Scraped caption text data:
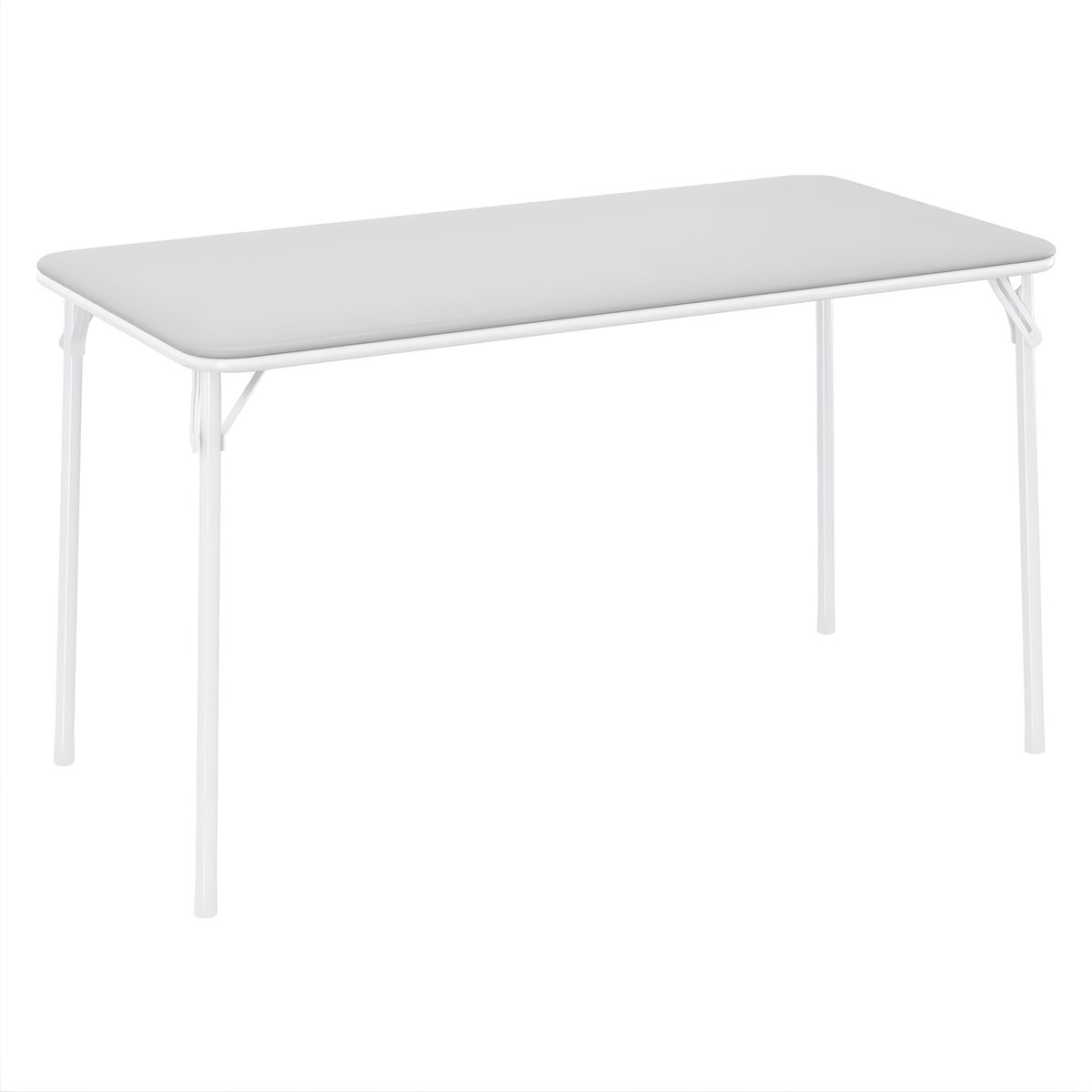 Happiq Opvouwbare Kaarttafel - Campingtafel met Metalen Frame - Wit White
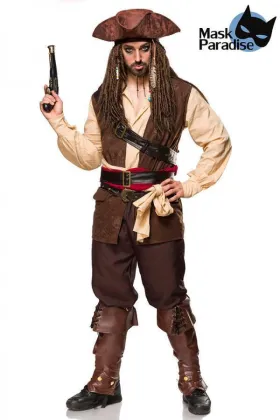 Captain of the Caribbean braun/beige von Mask Paradise kaufen - Fesselliebe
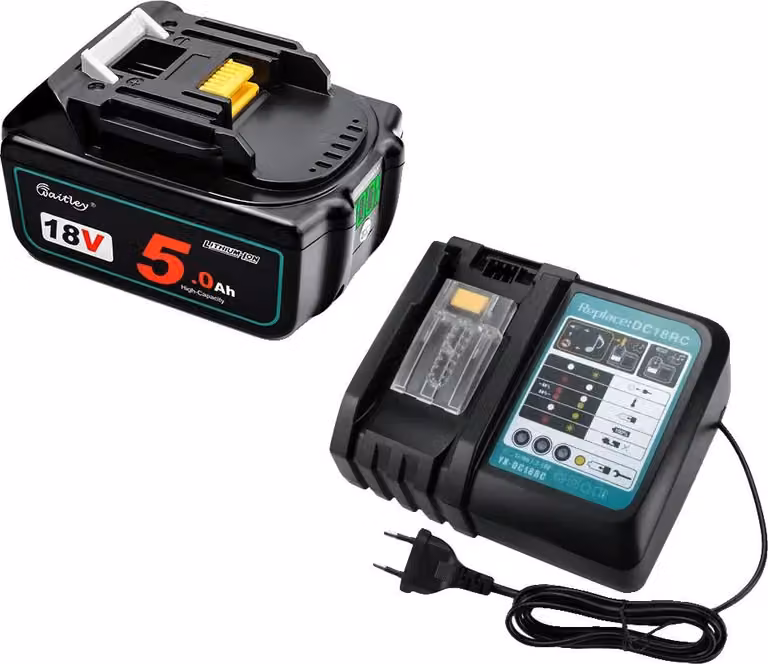 Batteria di ricambio, capacità 5000 mAh, elevata potenza di uscita, set combinato A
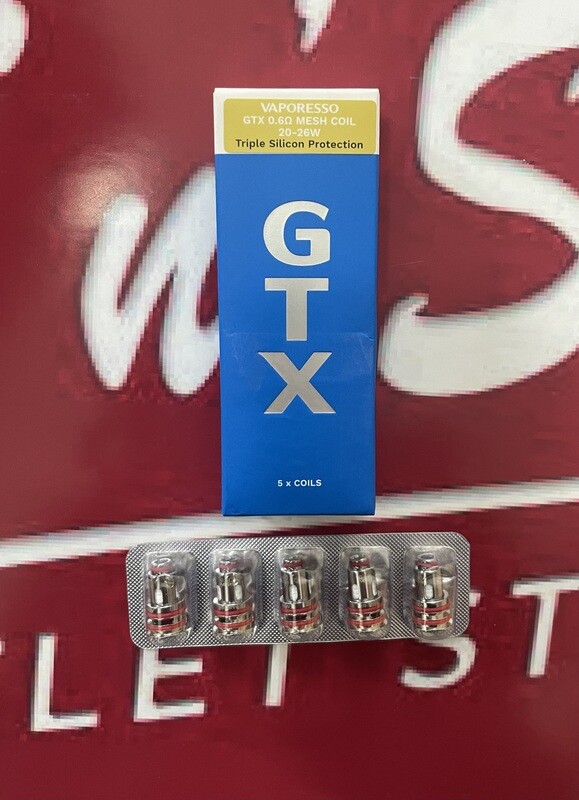 5 Vaporesso GTX Coils 0,6 Ohm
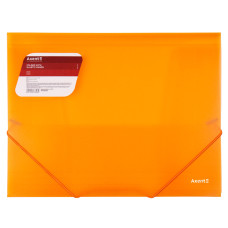 Папка на резинках Axent 1501-25-A, А4, прозрачный оранжевый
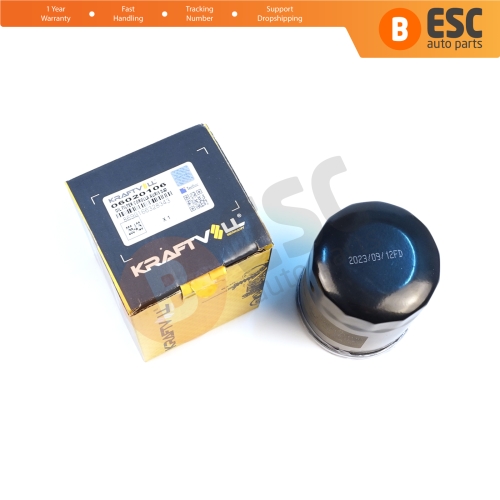 Oil Filter Genuine KRAFTVOLL 06020106 255-A25 for Fiat Sedici FY Mini Hatchback R50 R53 Subaru Justy III G3X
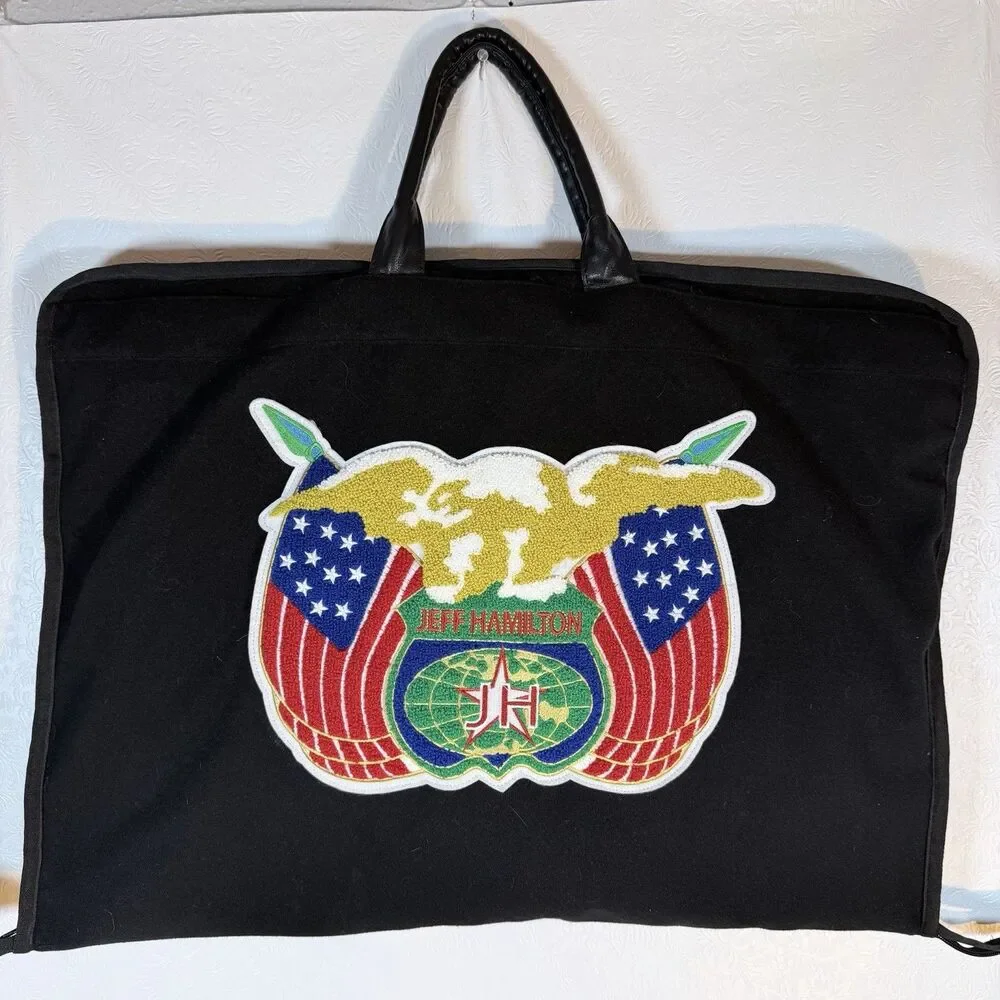 Jeff Hamilton x Caesars Palace Black Wool Garment Bag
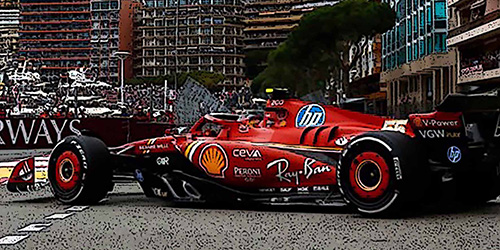FERRARI SF-24 – CARLOS SAINZ – GP MONACO 2024 1:18 model
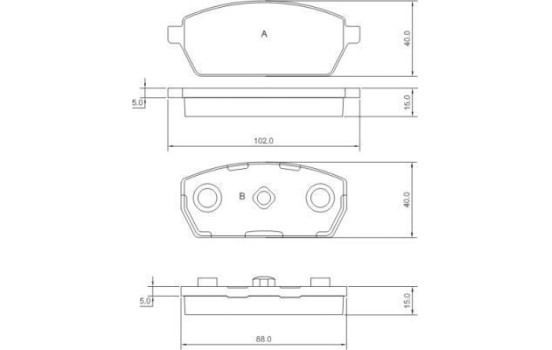Brake Pad Set, disc brake 37096 ABS, Image 2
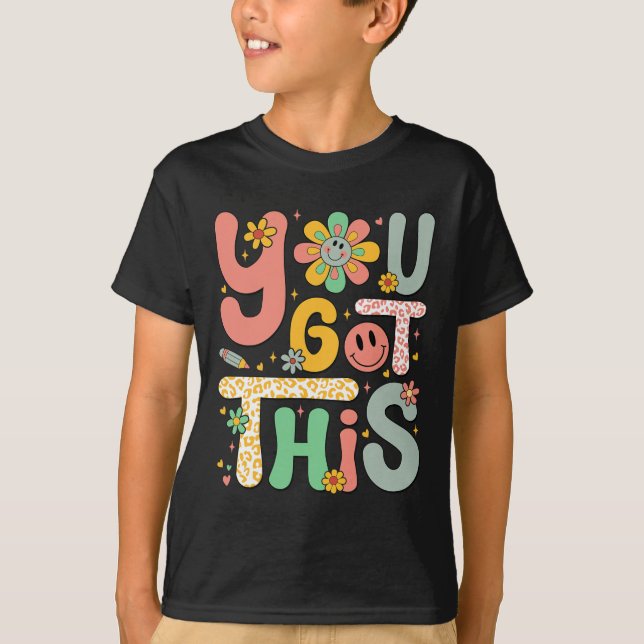 Got This Testing Day Groovy Motivational Teacher S T-Shirt (Front)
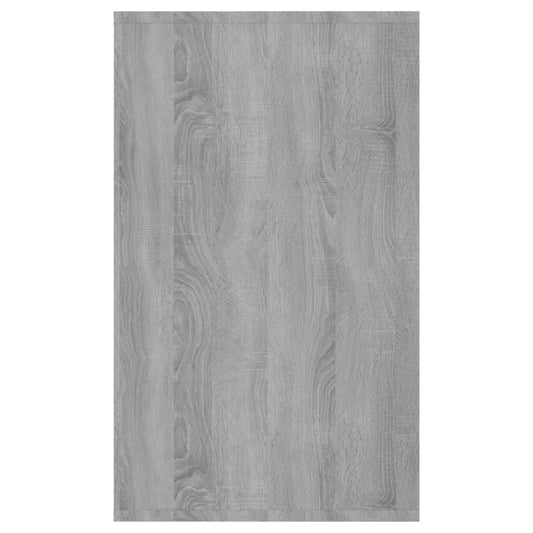 Aparador Con 3 Cajones Gris Sonoma 120x41x75 Cm / Vetonek_0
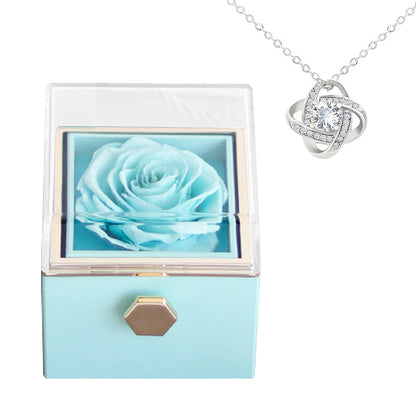 Rose Jewelry Box with Necklaces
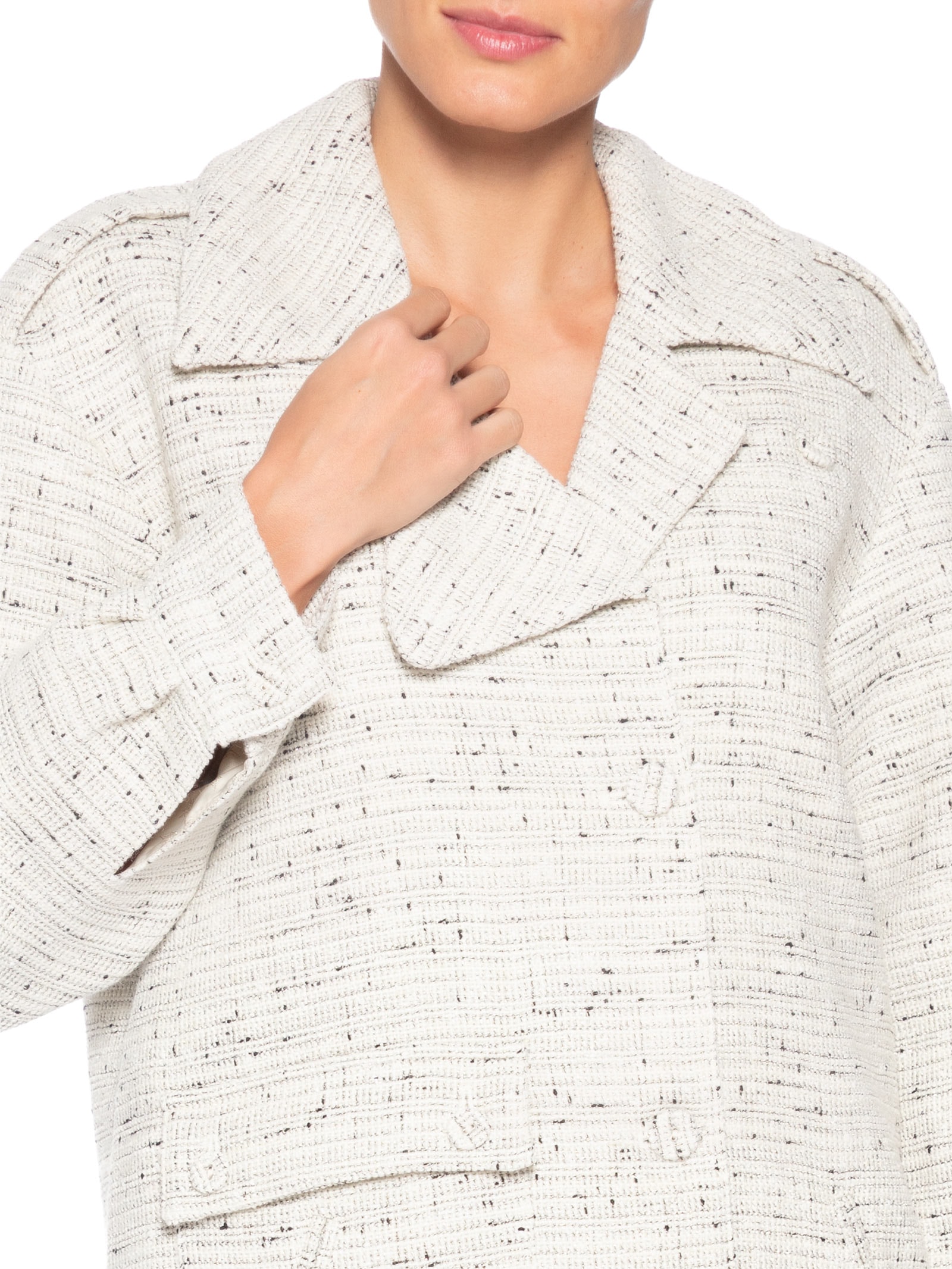 Casaco Feminino Coat Francesca – Branco Le Lis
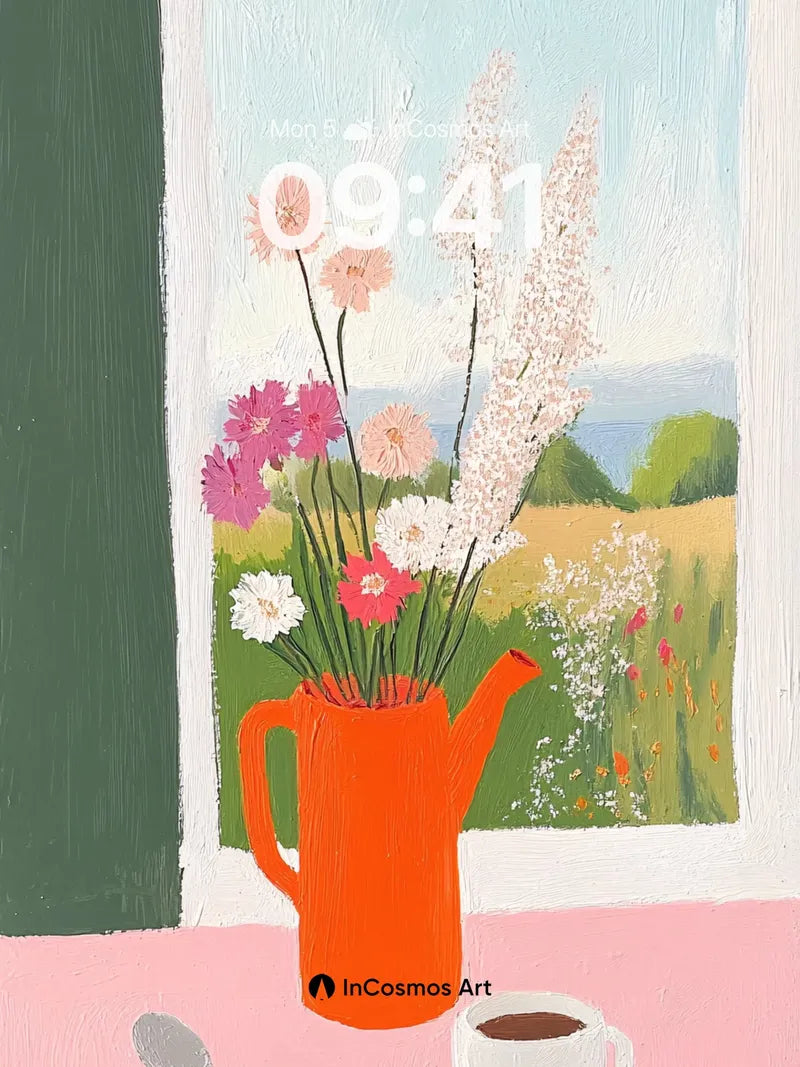 Serene Still Life Wallpaper with Window Light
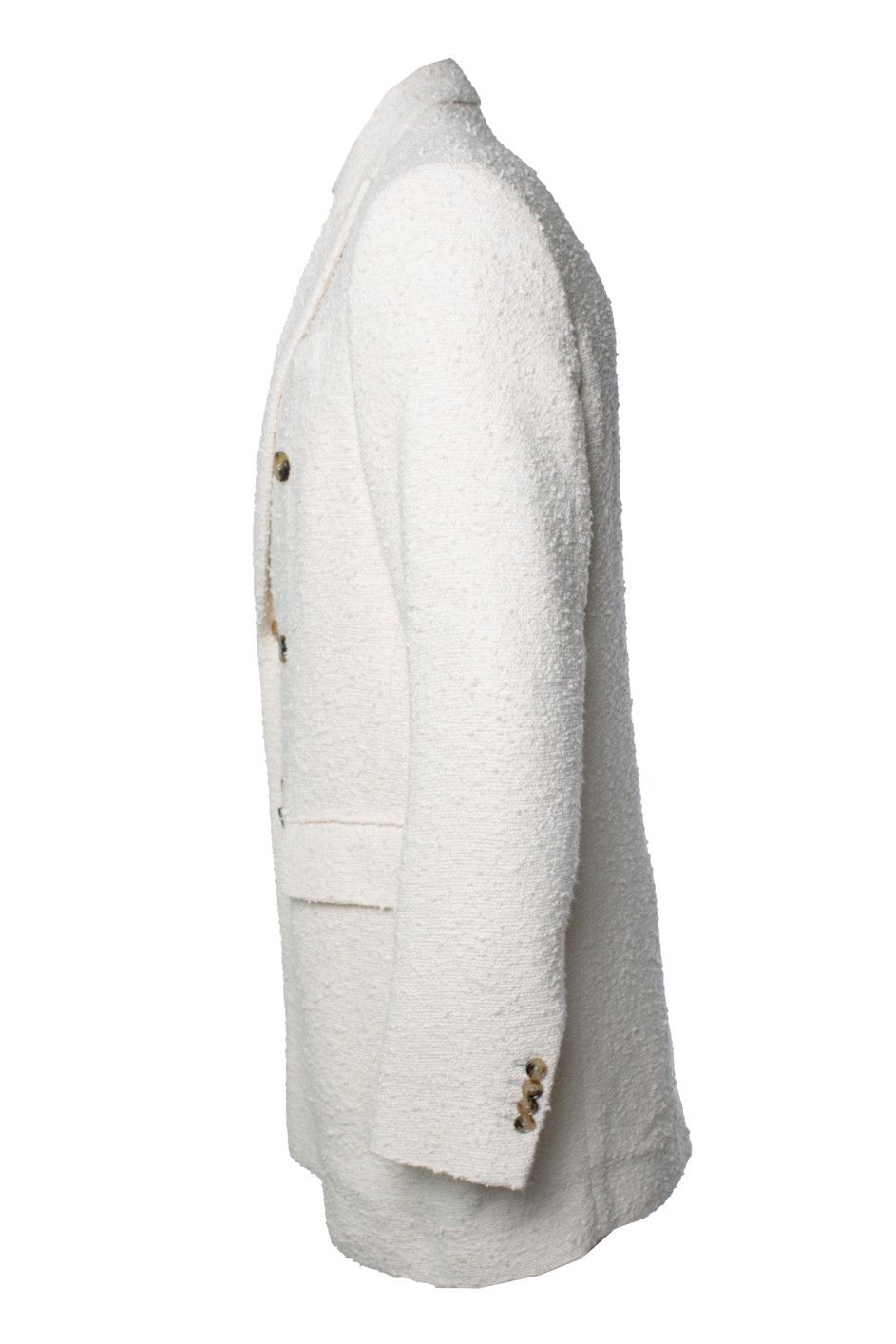 Amiri Amiri, white boucle blazer Size 52R - 4 Thumbnail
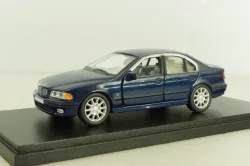 BMW 528i sedan (E39) 1995 blue, Schuco 1:43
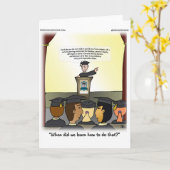 Absolventen Karte (Gelbe Blume)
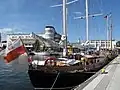 Marina at the seaport of Gdynia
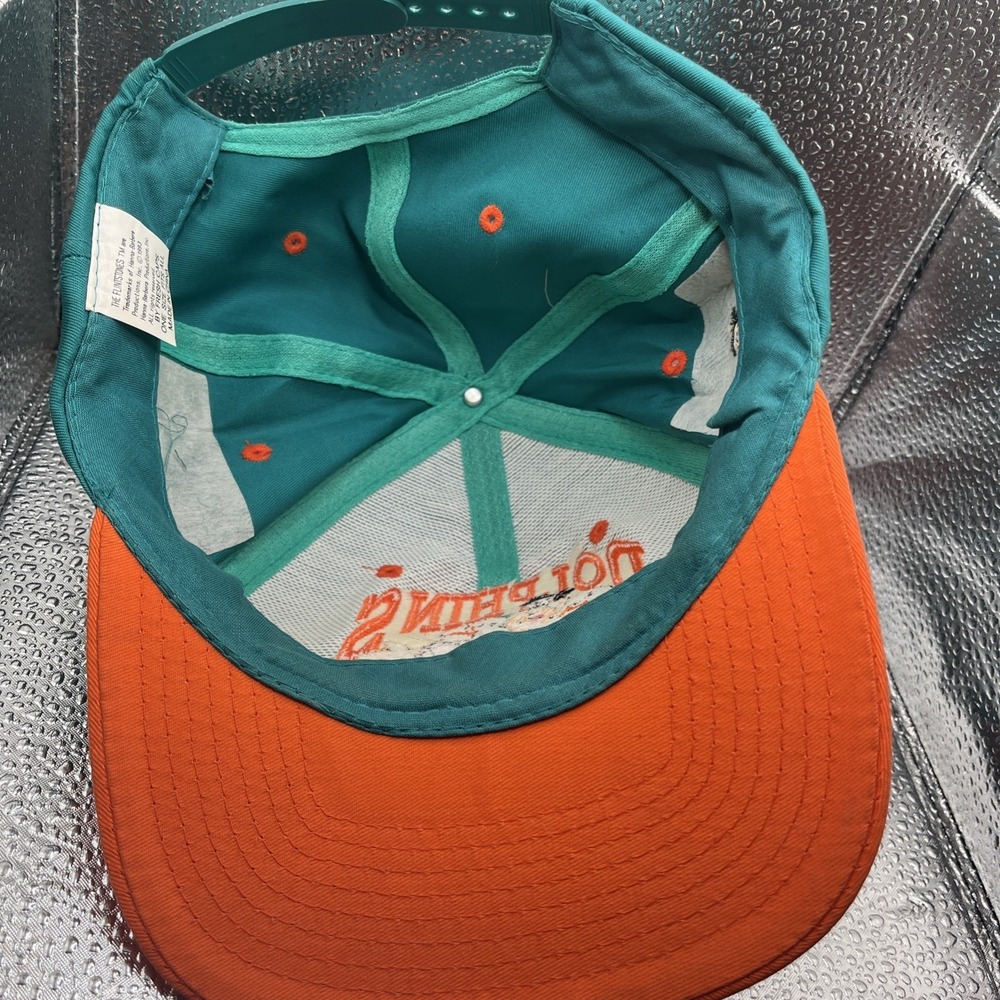 Flintstones Miami Dolphins Snapback Hat Vintage 1993 EUC Excellent Used Cond - Picture 5 of 10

§ **Exercise details**
Copy the entries above exactly from the line with "5 Vaporesso GTX Coils 0,6 Ohm" down to their last line, both ends included. Do not copy any pictures.

§ **Solution below**
 5 Vaporesso GTX Coils 0,6 Ohm
 Папка на резинках Axent 1501-25-A, А4, прозрачный оранжевый
 Oil Filter Genuine KRAFTVOLL 06020106 255-A25 for Fiat Sedici FY Mini Hatchback R50 R53 Subaru Justy III G3X
 Jeff Hamilton x Caesars Palace Black Wool Garment Bag
FERRARI SF-24 – CARLOS SAINZ – GP MONACO 2024 1:18 model
Brake Pad Set, disc brake 37096 ABS, Image 2
 Got This Testing Day Groovy Motivational Teacher S T-Shirt (Front)
 Aparador Con 3 Cajones Gris Sonoma 120x41x75 Cm / Vetonek_0
 Rose Jewelry Box with Necklaces
 Casaco Feminino Coat Francesca – Branco Le Lis
 Serene Still Life Wallpaper with Window Light
 Amiri Amiri, white boucle blazer Size 52R - 4 Thumbnail
 BMW 528i sedan (E39) 1995 blue, Schuco 1:43
 Absolventen Karte (Gelbe Blume)
 Marina at the seaport of Gdynia
 Flintstones Miami Dolphins Snapback Hat Vintage 1993 EUC Excellent Used Cond - Picture 5 of 10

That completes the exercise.